Available records:
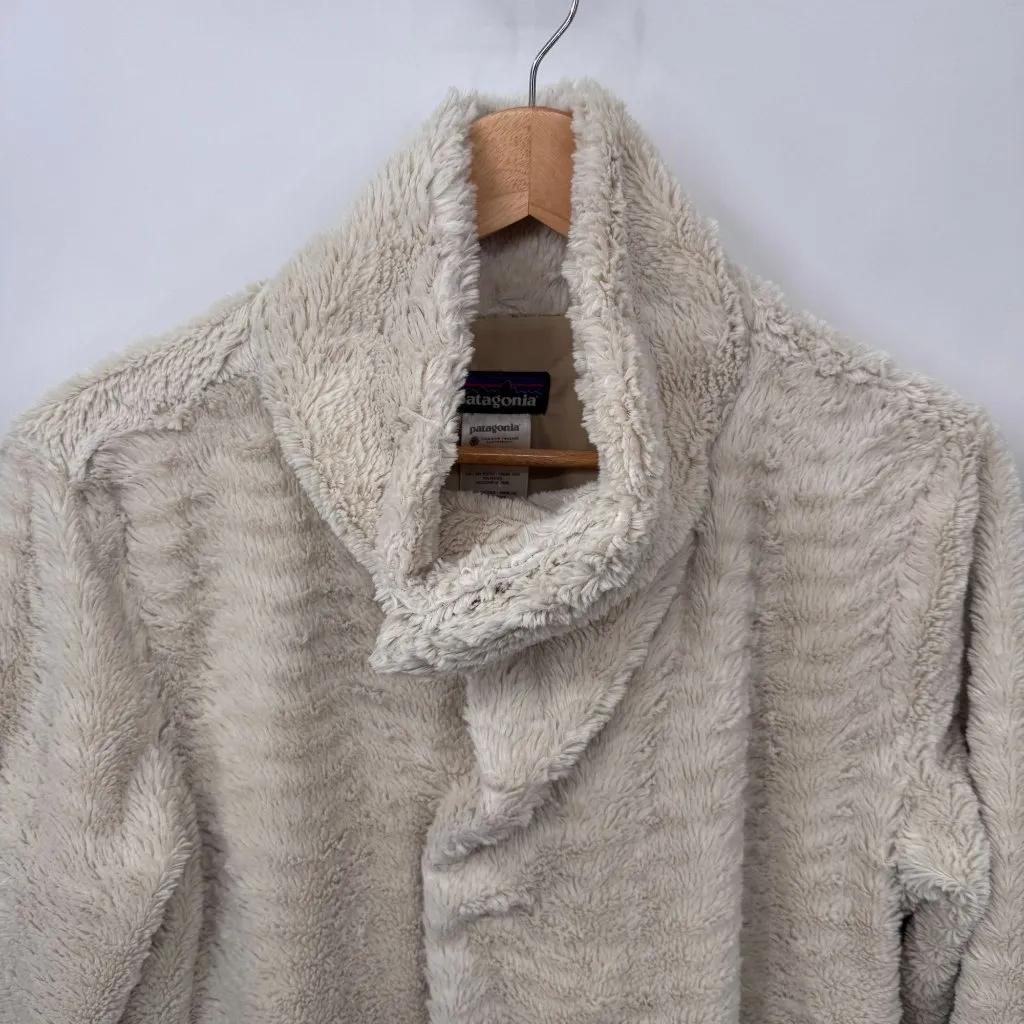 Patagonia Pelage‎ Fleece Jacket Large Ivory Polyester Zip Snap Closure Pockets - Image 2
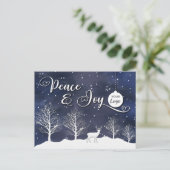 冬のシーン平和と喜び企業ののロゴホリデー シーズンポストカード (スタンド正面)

...

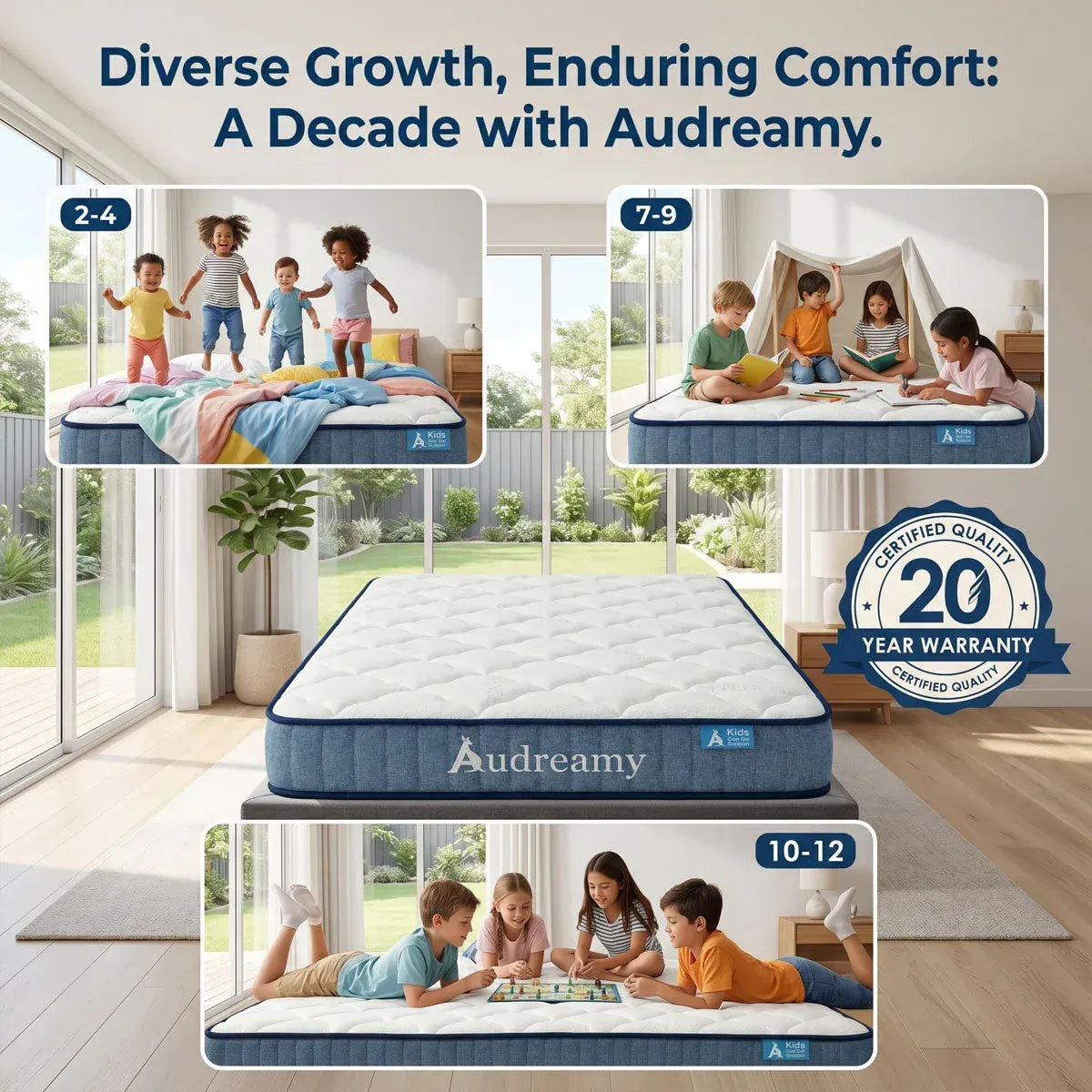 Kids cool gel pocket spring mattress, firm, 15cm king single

Work item: Go to the line above holding "Patagonia Pelage‎ Fleece", then copy exactly each line down to and including the one holding "冬のシーン平和と喜び企業ののロゴホリデー シーズンポストカード (スタンド正面)", leaving pictures out.

Task answer:
 Patagonia Pelage‎ Fleece Jacket Large Ivory Polyester Zip Snap Closure Pockets - Image 2
 冬のシーン平和と喜び企業ののロゴホリデー シーズンポストカード (スタンド正面)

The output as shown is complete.